Faire vite donc. Vladimir Pozner se démène pour sauver ces intellectuels de la Retirada : artistes, écrivains, mais aussi juristes, professeurs… Les faire sortir des camps en trouvant l’argent nécessaire (la liberté a un prix : 2000 F) ou les faire partir loin, au Mexique ou le gouvernement a promis d’ouvrir ses portes.
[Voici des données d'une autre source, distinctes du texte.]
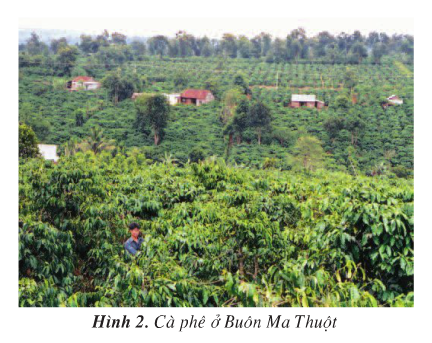 Giải bài tập SGK Địa lí 4 bài 7: Hoạt động sản xuất của người dân ở Tây Nguyên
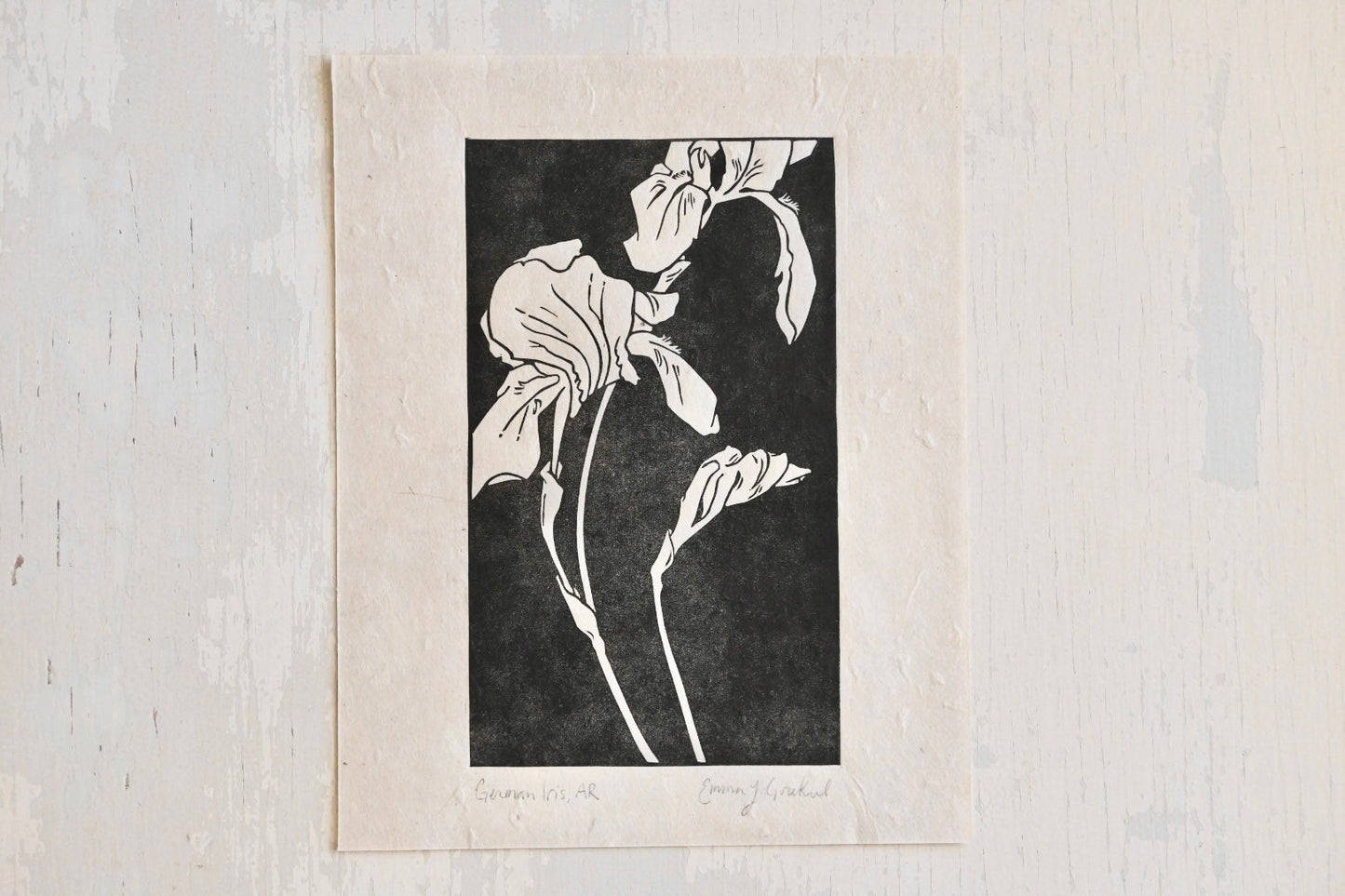 German Iris ✦ Linocut Print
En peu de temps, ce sont plus d’un millier d’intellectuels qui bénéficieront de l’aide du comité.

Dans un article de presse, réquisitoire implacable contre ces camps de la honte, ces « morceaux du sol français entourés de barbelés français », Vladimir écrit, et ces propos résonnent de façon terrible quand on voit comment l’Europe traite ou sous-traite les migrants : « Nous ignorons les intentions de ceux qui ont créé et qui dirigent les “centres d’accueil”. Mais s’il s’agissait, avec un minimum de moyens et dans un minimum de temps, de créer de toutes pièces, chez un demi-million d’êtres humains, la haine de la France, ce but a presque été atteint. » A méditer.

Note :
1. Le préfacier Alexis Buffet commet une erreur en indiquant que le gouvernement français du Front populaire fut pris de court par la Retirada, car il avait rendu les armes au printemps 1938, soit huit mois avant le début de l’exode.